» **What you are asked to do**
What is needed is an exact repetition of the lines from the first one in the data through the line with "Cover of Evanescence", with no pictures.
-*-*-
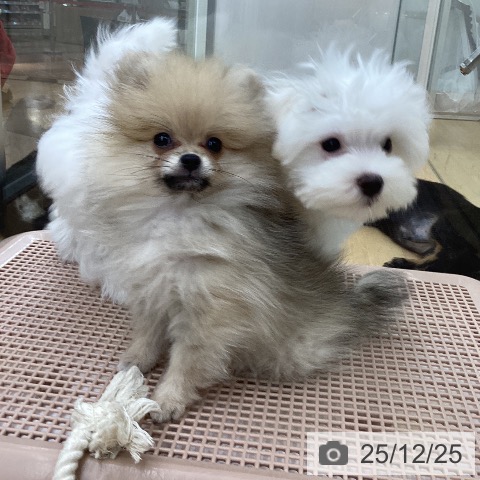 埼玉県のマルチーズ (ペットプラス 浦和美園店/2025年9月16日生まれ/男の子/ホワイト)の子犬の3枚目の画像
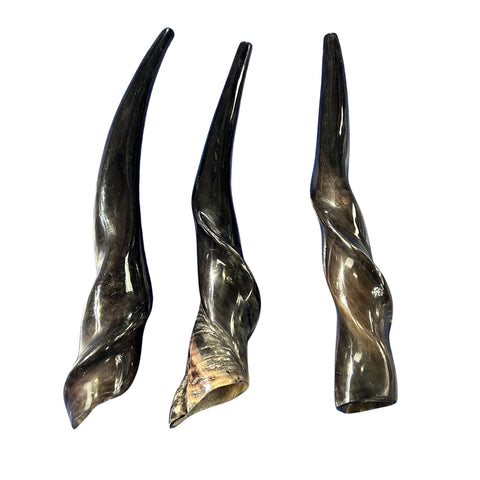 Shofar en corne d'élan, Shofar en corne d'élan entièrement poli, Shofar en corne d'antilope Les tailles varient - le plus joli peut mesurer 23" de long (copie)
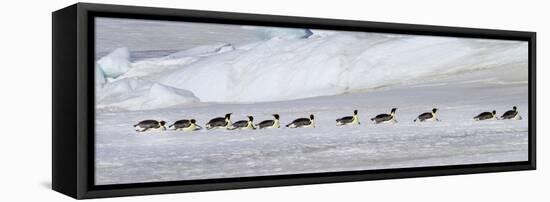 Antarctica, Snow Hill. Emperor penguins return to the rookery scooting over the ice-Ellen Goff-Framed Premier Image Canvas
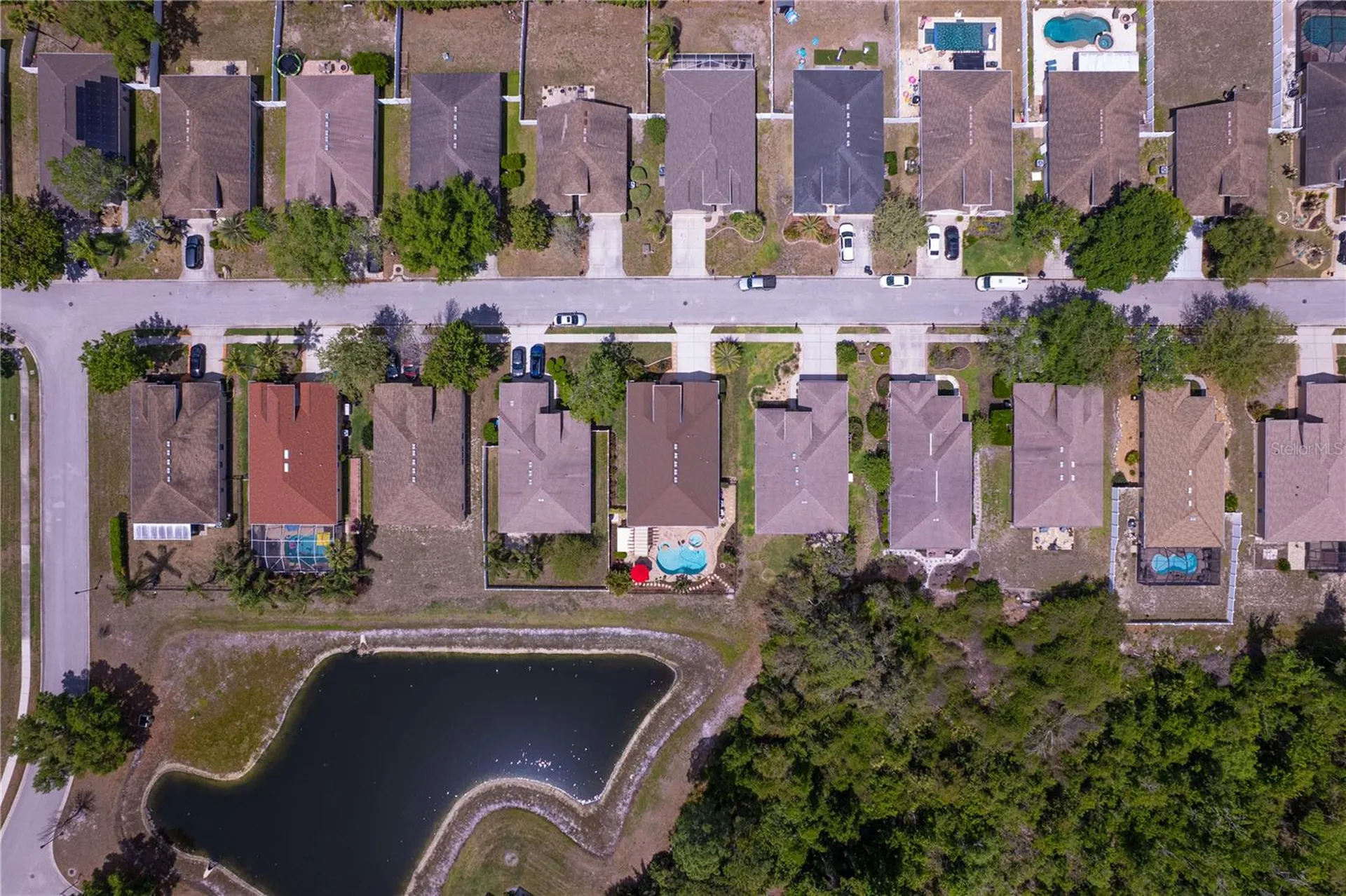 11532 Bathgate Court New Port Richey FL 34654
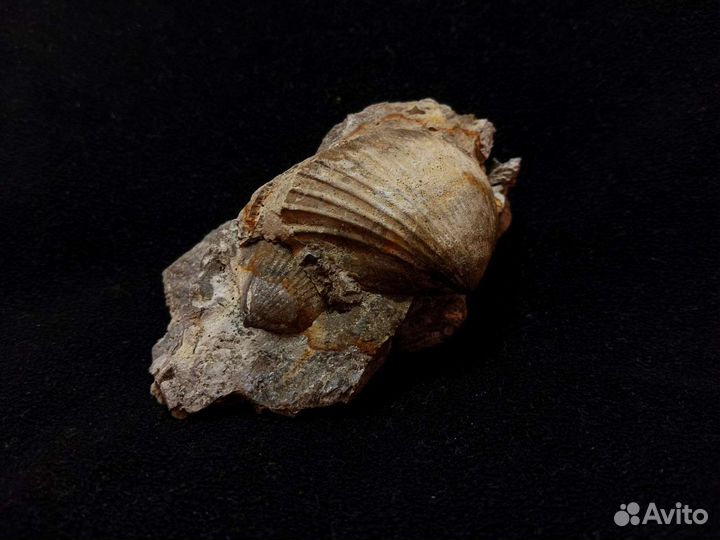 Окаменелость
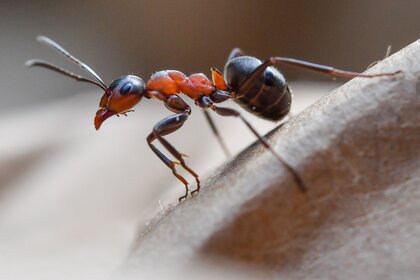 A European Wood Ant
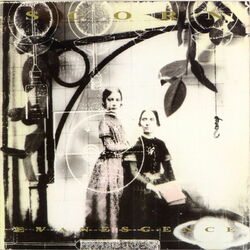 Cover of Evanescence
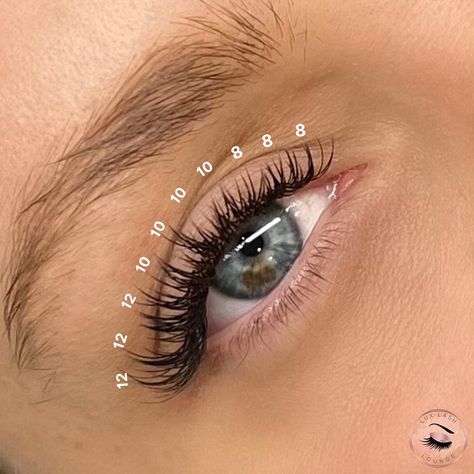 ‼️Lash Technicians‼️ Here’s something for you to try⬇️ Wispy Cat Eye Lash Map👀⭐️ 8-12mm, Classic C-Curl❤️‍🔥 This is a gradual sharp cat eye because it’s going from 8mm to 12mm🔪 We love this set and it’s an easy lash map to follow🥰👀 📍Classic Lash Extensions in Brooklyn, NY 📲718-801-2523 📍Classic Lash Extensions in Long Island, NY 📲516-907-2200 💻www.luxlashlounge.com #lashmap #cateyelashextensions #cateyelashmap #lashmappingskills #lashmappingtips #lashextensions #nyclashtech #brooklynl... Kiss Lash Extensions Map, Cat Eye Eyelash Extensions Map, C Curl Classic Eyelash Extensions, Cat Eye Cluster Lashes, Lash Maps Wispy, Classic Lashes Extensions Mapping, 2d Lash Extensions Cat Eye, 8-12 Mm Lashes, Angel Set Lash Extensions Mapping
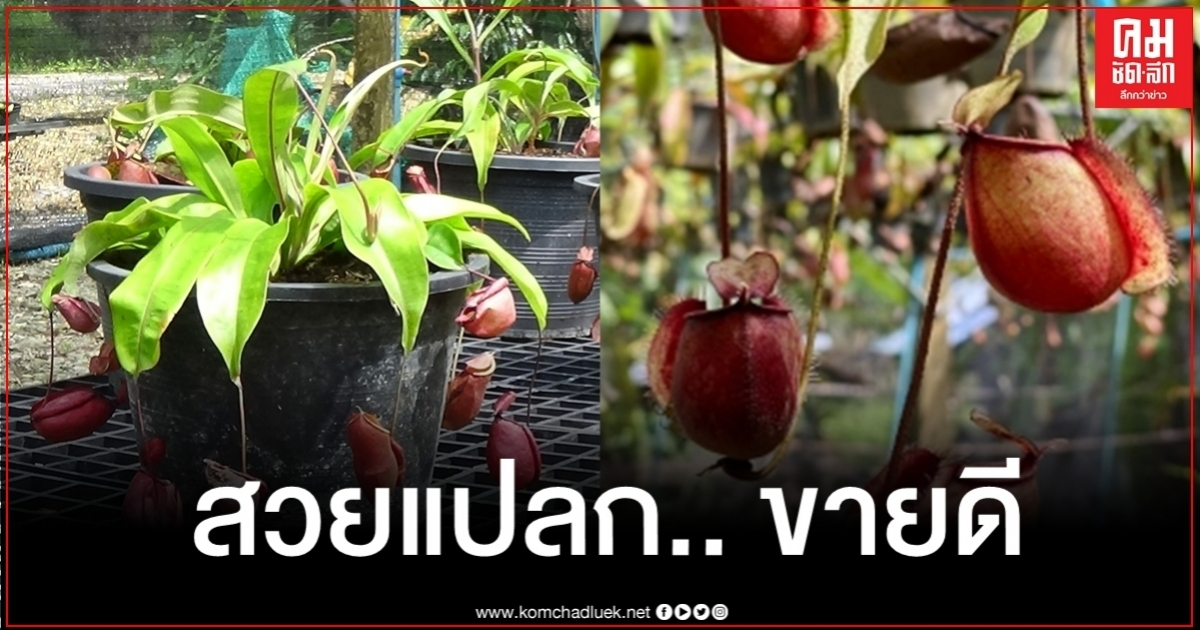 เริ่มจากความชอบ หนุ่มสตูลต่อยอดต้นหม้อข้าวหม้อแกงลิงสร้างรายได้ เริ่มจากความชอบ หนุ่มสตูลต่อยอดต้นหม้อข้าวหม้อแกงลิงสร้างรายได้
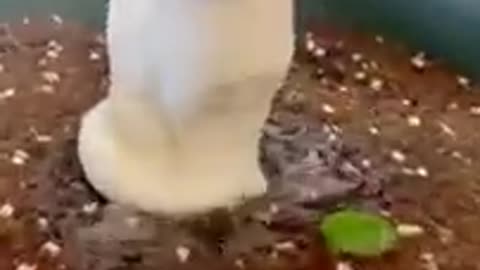 Lovely Cat_ black cat_ cats_ funny cats_ funny cat videos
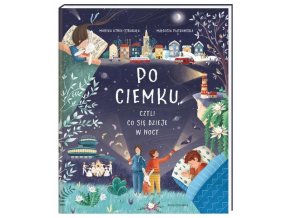 Po ciemku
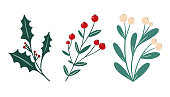Winter foliage floral elements set: white berry mistletoe, holly berry branch. Festive Christmas flowers clip art in simple hand drawn style isolated on white background. Vector illustration collection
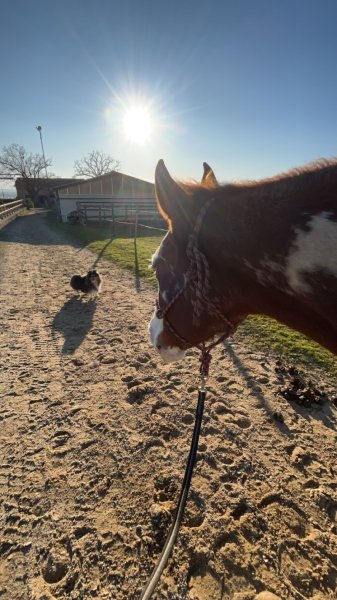 Ecurie d'Aubin - photo 2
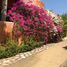 3 Bedroom House for sale in Jose Azueta, Guerrero, Jose Azueta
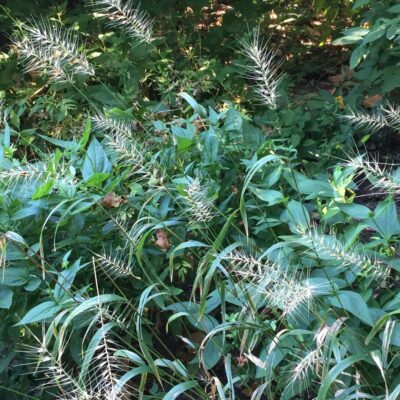 Elymus hystrix (Bottlebrush Grass) en masse in August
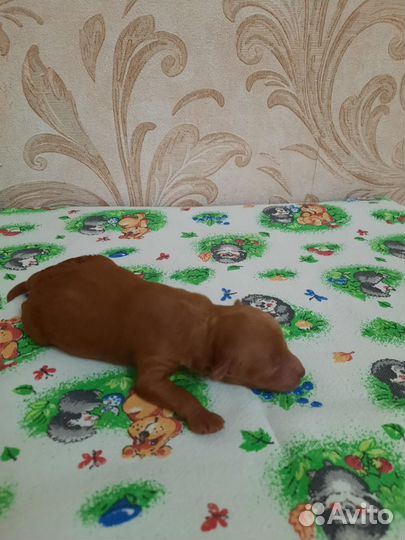 Щенкок той пуделя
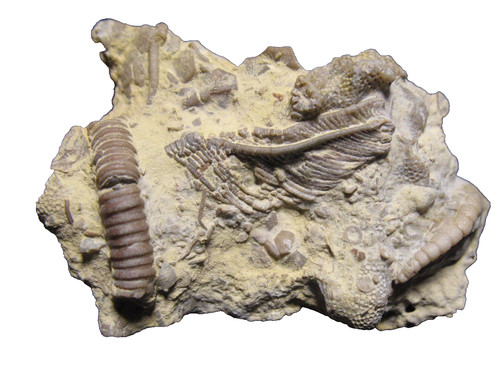 Ordovizium bromid calceocrinid - bromid,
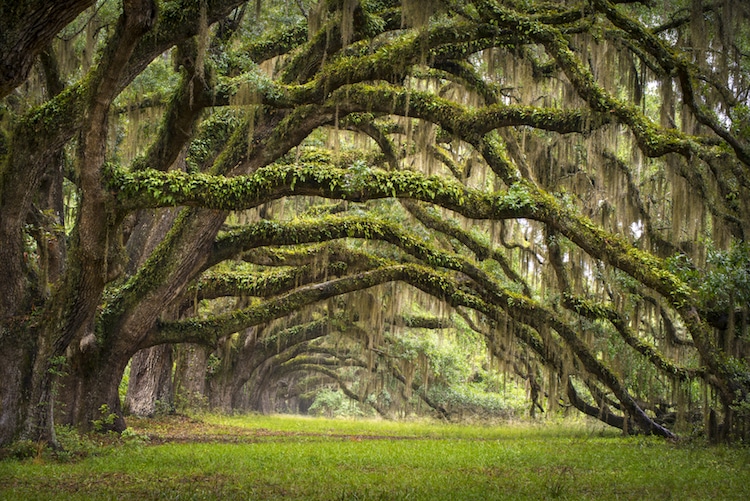 forest tunnel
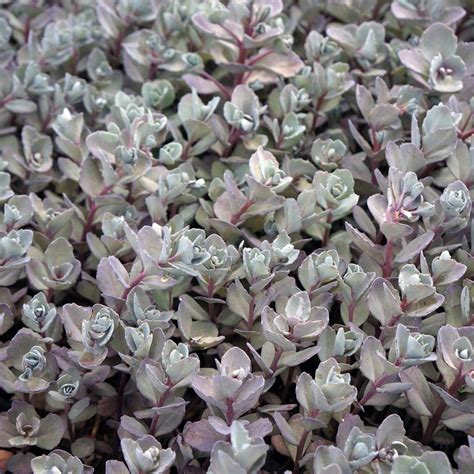 sedum bertram anderson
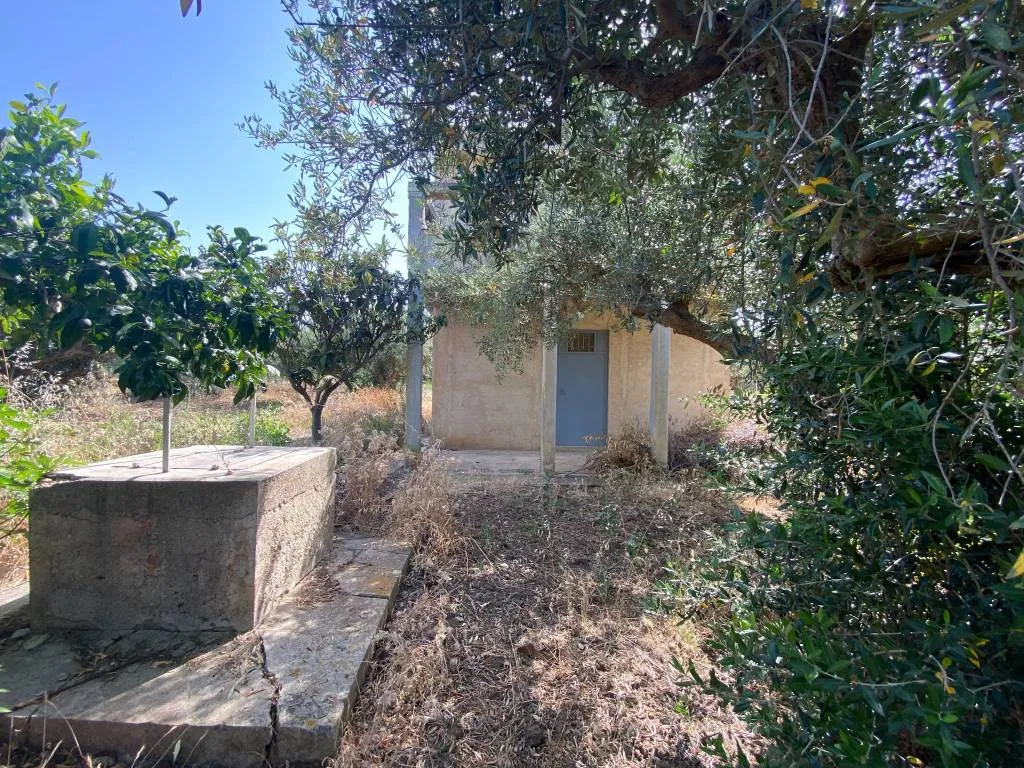 Villa in vendita a Partinico - foto 5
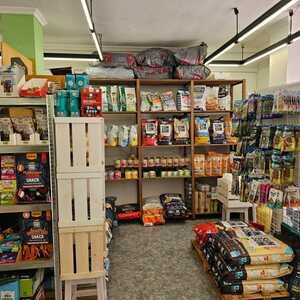 Foto de portada MASCOLIFE MASCOTAS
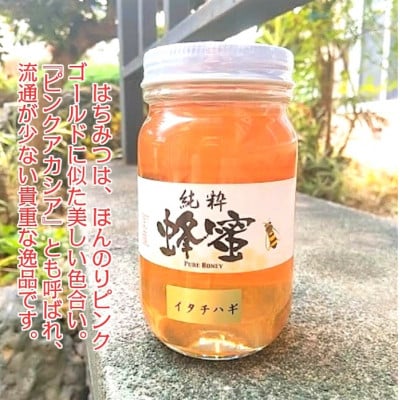 【希少】「はちみつ イタチハギ 300g」国産 純粋 非加熱 無加糖 無添加 はちみつ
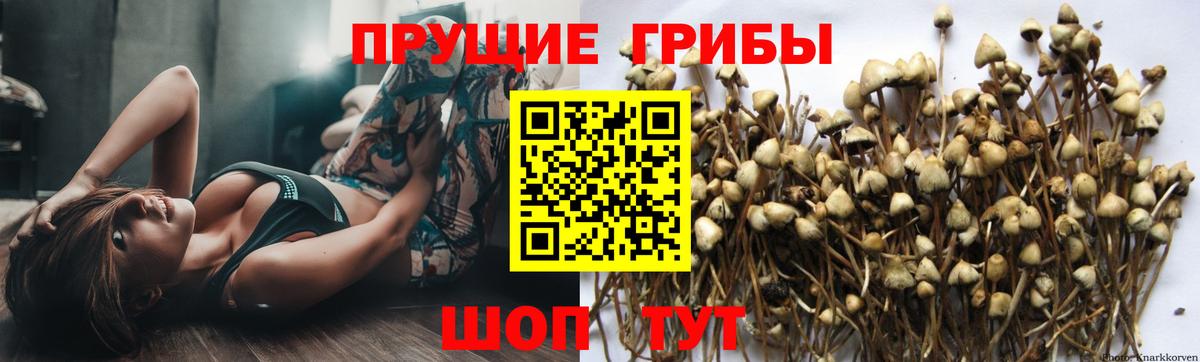 Абакан  А ПВП СК   МАРИХУАНА  Вход с VPN  ТГК  Гашиш  COCAIN  Меф   Меф МЯУ МЯУ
-*-*-
» **Solution for this problem**
 埼玉県のマルチーズ (ペットプラス 浦和美園店/2025年9月16日生まれ/男の子/ホワイト)の子犬の3枚目の画像
 Shofar en corne d'élan, Shofar en corne d'élan entièrement poli, Shofar en corne d'antilope Les tailles varient - le plus joli peut mesurer 23" de long (copie)
 Antarctica, Snow Hill. Emperor penguins return to the rookery scooting over the ice-Ellen Goff-Framed Premier Image Canvas
 11532 Bathgate Court New Port Richey FL 34654
 Окаменелость
 A European Wood Ant
 Cover of Evanescence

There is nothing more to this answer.